[Aim of the exercise]:
The records below are to be repeated in full, exactly as they are.

***** Input data

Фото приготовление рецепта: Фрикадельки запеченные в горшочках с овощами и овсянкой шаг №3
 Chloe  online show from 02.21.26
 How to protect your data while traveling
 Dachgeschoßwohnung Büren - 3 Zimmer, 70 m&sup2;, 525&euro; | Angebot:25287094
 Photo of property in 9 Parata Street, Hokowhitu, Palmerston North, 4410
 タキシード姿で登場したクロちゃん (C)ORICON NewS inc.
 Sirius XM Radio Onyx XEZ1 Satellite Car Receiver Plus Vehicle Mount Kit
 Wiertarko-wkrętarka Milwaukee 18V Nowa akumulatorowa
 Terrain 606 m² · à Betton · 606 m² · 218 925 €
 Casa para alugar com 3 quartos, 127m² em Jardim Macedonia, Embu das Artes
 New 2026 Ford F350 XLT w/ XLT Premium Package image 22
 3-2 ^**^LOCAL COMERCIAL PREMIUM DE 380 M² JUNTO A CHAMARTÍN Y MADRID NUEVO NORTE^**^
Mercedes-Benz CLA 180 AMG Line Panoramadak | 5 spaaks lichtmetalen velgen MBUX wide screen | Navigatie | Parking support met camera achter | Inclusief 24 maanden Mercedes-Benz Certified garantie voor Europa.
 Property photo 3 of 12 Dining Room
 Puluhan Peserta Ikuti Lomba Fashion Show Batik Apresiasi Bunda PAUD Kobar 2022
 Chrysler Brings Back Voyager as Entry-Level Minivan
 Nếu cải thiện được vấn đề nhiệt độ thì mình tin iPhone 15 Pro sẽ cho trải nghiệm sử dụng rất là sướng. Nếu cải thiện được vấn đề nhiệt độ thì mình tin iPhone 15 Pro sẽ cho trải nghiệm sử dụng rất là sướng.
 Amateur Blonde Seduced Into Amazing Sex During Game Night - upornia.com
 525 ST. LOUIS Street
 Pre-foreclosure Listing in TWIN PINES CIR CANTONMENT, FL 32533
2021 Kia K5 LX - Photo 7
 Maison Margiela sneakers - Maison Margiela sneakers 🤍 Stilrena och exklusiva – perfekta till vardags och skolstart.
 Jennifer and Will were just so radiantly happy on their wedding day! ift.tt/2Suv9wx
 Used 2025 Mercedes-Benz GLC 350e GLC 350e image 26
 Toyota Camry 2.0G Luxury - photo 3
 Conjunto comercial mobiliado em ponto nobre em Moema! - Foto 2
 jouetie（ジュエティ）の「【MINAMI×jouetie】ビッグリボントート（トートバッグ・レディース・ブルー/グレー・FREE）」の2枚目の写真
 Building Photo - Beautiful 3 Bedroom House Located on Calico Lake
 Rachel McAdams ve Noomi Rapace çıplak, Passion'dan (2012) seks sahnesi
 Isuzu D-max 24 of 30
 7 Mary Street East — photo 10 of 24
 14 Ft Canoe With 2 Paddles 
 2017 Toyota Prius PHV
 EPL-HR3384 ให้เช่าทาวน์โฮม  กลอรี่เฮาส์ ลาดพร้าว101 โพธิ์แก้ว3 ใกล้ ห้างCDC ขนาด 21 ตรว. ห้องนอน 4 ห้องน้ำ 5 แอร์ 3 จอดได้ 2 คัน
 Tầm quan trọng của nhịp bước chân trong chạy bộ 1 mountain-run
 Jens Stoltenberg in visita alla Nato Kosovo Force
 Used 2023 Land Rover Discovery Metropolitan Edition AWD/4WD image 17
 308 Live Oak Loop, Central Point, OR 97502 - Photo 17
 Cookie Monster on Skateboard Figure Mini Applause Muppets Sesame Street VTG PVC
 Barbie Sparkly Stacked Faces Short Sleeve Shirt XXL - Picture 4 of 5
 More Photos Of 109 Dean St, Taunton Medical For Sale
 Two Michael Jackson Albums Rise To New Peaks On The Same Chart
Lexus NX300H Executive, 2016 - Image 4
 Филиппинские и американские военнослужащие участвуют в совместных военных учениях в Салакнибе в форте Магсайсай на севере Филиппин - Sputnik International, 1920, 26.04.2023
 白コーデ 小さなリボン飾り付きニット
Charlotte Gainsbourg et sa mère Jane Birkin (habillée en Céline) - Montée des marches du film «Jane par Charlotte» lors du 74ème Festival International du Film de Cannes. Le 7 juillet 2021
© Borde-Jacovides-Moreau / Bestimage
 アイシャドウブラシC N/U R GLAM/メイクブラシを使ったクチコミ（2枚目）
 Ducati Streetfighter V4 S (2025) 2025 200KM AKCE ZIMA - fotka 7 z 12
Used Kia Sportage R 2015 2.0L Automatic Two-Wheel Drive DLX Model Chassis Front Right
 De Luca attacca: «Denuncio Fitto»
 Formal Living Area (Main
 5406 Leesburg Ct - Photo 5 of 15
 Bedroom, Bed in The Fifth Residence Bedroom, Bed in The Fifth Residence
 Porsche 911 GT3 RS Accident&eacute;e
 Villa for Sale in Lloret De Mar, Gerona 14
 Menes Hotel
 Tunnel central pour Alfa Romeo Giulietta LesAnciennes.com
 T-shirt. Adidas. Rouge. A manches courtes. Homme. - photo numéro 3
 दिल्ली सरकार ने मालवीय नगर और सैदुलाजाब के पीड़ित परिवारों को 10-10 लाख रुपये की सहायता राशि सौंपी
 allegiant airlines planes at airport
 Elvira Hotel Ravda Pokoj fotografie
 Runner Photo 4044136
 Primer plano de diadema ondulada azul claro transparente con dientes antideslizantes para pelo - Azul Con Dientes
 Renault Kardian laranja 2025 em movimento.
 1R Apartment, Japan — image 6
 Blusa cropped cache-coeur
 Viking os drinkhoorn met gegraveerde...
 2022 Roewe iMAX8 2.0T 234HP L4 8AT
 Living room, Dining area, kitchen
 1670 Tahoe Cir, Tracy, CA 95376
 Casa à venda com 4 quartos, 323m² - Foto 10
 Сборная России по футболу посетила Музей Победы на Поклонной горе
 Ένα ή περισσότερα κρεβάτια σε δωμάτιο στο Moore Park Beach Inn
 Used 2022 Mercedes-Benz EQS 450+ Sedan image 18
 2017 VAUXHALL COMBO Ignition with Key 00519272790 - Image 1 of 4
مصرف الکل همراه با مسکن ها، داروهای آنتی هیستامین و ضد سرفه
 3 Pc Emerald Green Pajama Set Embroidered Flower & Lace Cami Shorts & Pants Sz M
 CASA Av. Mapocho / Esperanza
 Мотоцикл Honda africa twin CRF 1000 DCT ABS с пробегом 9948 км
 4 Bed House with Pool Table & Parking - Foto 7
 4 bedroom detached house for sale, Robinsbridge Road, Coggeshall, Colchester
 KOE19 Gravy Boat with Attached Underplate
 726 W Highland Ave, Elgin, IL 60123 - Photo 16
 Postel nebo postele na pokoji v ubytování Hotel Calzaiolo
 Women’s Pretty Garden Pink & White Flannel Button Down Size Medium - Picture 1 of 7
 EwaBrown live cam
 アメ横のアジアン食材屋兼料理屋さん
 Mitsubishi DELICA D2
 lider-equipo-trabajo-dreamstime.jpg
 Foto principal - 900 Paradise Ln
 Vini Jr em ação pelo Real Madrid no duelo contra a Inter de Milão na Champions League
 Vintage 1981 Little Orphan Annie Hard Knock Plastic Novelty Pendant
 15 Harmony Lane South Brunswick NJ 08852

**********

[Task response]:
Фото приготовление рецепта: Фрикадельки запеченные в горшочках с овощами и овсянкой шаг №3
 Chloe  online show from 02.21.26
 How to protect your data while traveling
 Dachgeschoßwohnung Büren - 3 Zimmer, 70 m&sup2;, 525&euro; | Angebot:25287094
 Photo of property in 9 Parata Street, Hokowhitu, Palmerston North, 4410
 タキシード姿で登場したクロちゃん (C)ORICON NewS inc.
 Sirius XM Radio Onyx XEZ1 Satellite Car Receiver Plus Vehicle Mount Kit
 Wiertarko-wkrętarka Milwaukee 18V Nowa akumulatorowa
 Terrain 606 m² · à Betton · 606 m² · 218 925 €
 Casa para alugar com 3 quartos, 127m² em Jardim Macedonia, Embu das Artes
 New 2026 Ford F350 XLT w/ XLT Premium Package image 22
 3-2 ^**^LOCAL COMERCIAL PREMIUM DE 380 M² JUNTO A CHAMARTÍN Y MADRID NUEVO NORTE^**^
Mercedes-Benz CLA 180 AMG Line Panoramadak | 5 spaaks lichtmetalen velgen MBUX wide screen | Navigatie | Parking support met camera achter | Inclusief 24 maanden Mercedes-Benz Certified garantie voor Europa.
 Property photo 3 of 12 Dining Room
 Puluhan Peserta Ikuti Lomba Fashion Show Batik Apresiasi Bunda PAUD Kobar 2022
 Chrysler Brings Back Voyager as Entry-Level Minivan
 Nếu cải thiện được vấn đề nhiệt độ thì mình tin iPhone 15 Pro sẽ cho trải nghiệm sử dụng rất là sướng. Nếu cải thiện được vấn đề nhiệt độ thì mình tin iPhone 15 Pro sẽ cho trải nghiệm sử dụng rất là sướng.
 Amateur Blonde Seduced Into Amazing Sex During Game Night - upornia.com
 525 ST. LOUIS Street
 Pre-foreclosure Listing in TWIN PINES CIR CANTONMENT, FL 32533
2021 Kia K5 LX - Photo 7
 Maison Margiela sneakers - Maison Margiela sneakers 🤍 Stilrena och exklusiva – perfekta till vardags och skolstart.
 Jennifer and Will were just so radiantly happy on their wedding day! ift.tt/2Suv9wx
 Used 2025 Mercedes-Benz GLC 350e GLC 350e image 26
 Toyota Camry 2.0G Luxury - photo 3
 Conjunto comercial mobiliado em ponto nobre em Moema! - Foto 2
 jouetie（ジュエティ）の「【MINAMI×jouetie】ビッグリボントート（トートバッグ・レディース・ブルー/グレー・FREE）」の2枚目の写真
 Building Photo - Beautiful 3 Bedroom House Located on Calico Lake
 Rachel McAdams ve Noomi Rapace çıplak, Passion'dan (2012) seks sahnesi
 Isuzu D-max 24 of 30
 7 Mary Street East — photo 10 of 24
 14 Ft Canoe With 2 Paddles 
 2017 Toyota Prius PHV
 EPL-HR3384 ให้เช่าทาวน์โฮม  กลอรี่เฮาส์ ลาดพร้าว101 โพธิ์แก้ว3 ใกล้ ห้างCDC ขนาด 21 ตรว. ห้องนอน 4 ห้องน้ำ 5 แอร์ 3 จอดได้ 2 คัน
 Tầm quan trọng của nhịp bước chân trong chạy bộ 1 mountain-run
 Jens Stoltenberg in visita alla Nato Kosovo Force
 Used 2023 Land Rover Discovery Metropolitan Edition AWD/4WD image 17
 308 Live Oak Loop, Central Point, OR 97502 - Photo 17
 Cookie Monster on Skateboard Figure Mini Applause Muppets Sesame Street VTG PVC
 Barbie Sparkly Stacked Faces Short Sleeve Shirt XXL - Picture 4 of 5
 More Photos Of 109 Dean St, Taunton Medical For Sale
 Two Michael Jackson Albums Rise To New Peaks On The Same Chart
Lexus NX300H Executive, 2016 - Image 4
 Филиппинские и американские военнослужащие участвуют в совместных военных учениях в Салакнибе в форте Магсайсай на севере Филиппин - Sputnik International, 1920, 26.04.2023
 白コーデ 小さなリボン飾り付きニット
Charlotte Gainsbourg et sa mère Jane Birkin (habillée en Céline) - Montée des marches du film «Jane par Charlotte» lors du 74ème Festival International du Film de Cannes. Le 7 juillet 2021
© Borde-Jacovides-Moreau / Bestimage
 アイシャドウブラシC N/U R GLAM/メイクブラシを使ったクチコミ（2枚目）
 Ducati Streetfighter V4 S (2025) 2025 200KM AKCE ZIMA - fotka 7 z 12
Used Kia Sportage R 2015 2.0L Automatic Two-Wheel Drive DLX Model Chassis Front Right
 De Luca attacca: «Denuncio Fitto»
 Formal Living Area (Main
 5406 Leesburg Ct - Photo 5 of 15
 Bedroom, Bed in The Fifth Residence Bedroom, Bed in The Fifth Residence
 Porsche 911 GT3 RS Accident&eacute;e
 Villa for Sale in Lloret De Mar, Gerona 14
 Menes Hotel
 Tunnel central pour Alfa Romeo Giulietta LesAnciennes.com
 T-shirt. Adidas. Rouge. A manches courtes. Homme. - photo numéro 3
 दिल्ली सरकार ने मालवीय नगर और सैदुलाजाब के पीड़ित परिवारों को 10-10 लाख रुपये की सहायता राशि सौंपी
 allegiant airlines planes at airport
 Elvira Hotel Ravda Pokoj fotografie
 Runner Photo 4044136
 Primer plano de diadema ondulada azul claro transparente con dientes antideslizantes para pelo - Azul Con Dientes
 Renault Kardian laranja 2025 em movimento.
 1R Apartment, Japan — image 6
 Blusa cropped cache-coeur
 Viking os drinkhoorn met gegraveerde...
 2022 Roewe iMAX8 2.0T 234HP L4 8AT
 Living room, Dining area, kitchen
 1670 Tahoe Cir, Tracy, CA 95376
 Casa à venda com 4 quartos, 323m² - Foto 10
 Сборная России по футболу посетила Музей Победы на Поклонной горе
 Ένα ή περισσότερα κρεβάτια σε δωμάτιο στο Moore Park Beach Inn
 Used 2022 Mercedes-Benz EQS 450+ Sedan image 18
 2017 VAUXHALL COMBO Ignition with Key 00519272790 - Image 1 of 4
مصرف الکل همراه با مسکن ها، داروهای آنتی هیستامین و ضد سرفه
 3 Pc Emerald Green Pajama Set Embroidered Flower & Lace Cami Shorts & Pants Sz M
 CASA Av. Mapocho / Esperanza
 Мотоцикл Honda africa twin CRF 1000 DCT ABS с пробегом 9948 км
 4 Bed House with Pool Table & Parking - Foto 7
 4 bedroom detached house for sale, Robinsbridge Road, Coggeshall, Colchester
 KOE19 Gravy Boat with Attached Underplate
 726 W Highland Ave, Elgin, IL 60123 - Photo 16
 Postel nebo postele na pokoji v ubytování Hotel Calzaiolo
 Women’s Pretty Garden Pink & White Flannel Button Down Size Medium - Picture 1 of 7
 EwaBrown live cam
 アメ横のアジアン食材屋兼料理屋さん
 Mitsubishi DELICA D2
 lider-equipo-trabajo-dreamstime.jpg
 Foto principal - 900 Paradise Ln
 Vini Jr em ação pelo Real Madrid no duelo contra a Inter de Milão na Champions League
 Vintage 1981 Little Orphan Annie Hard Knock Plastic Novelty Pendant
 15 Harmony Lane South Brunswick NJ 08852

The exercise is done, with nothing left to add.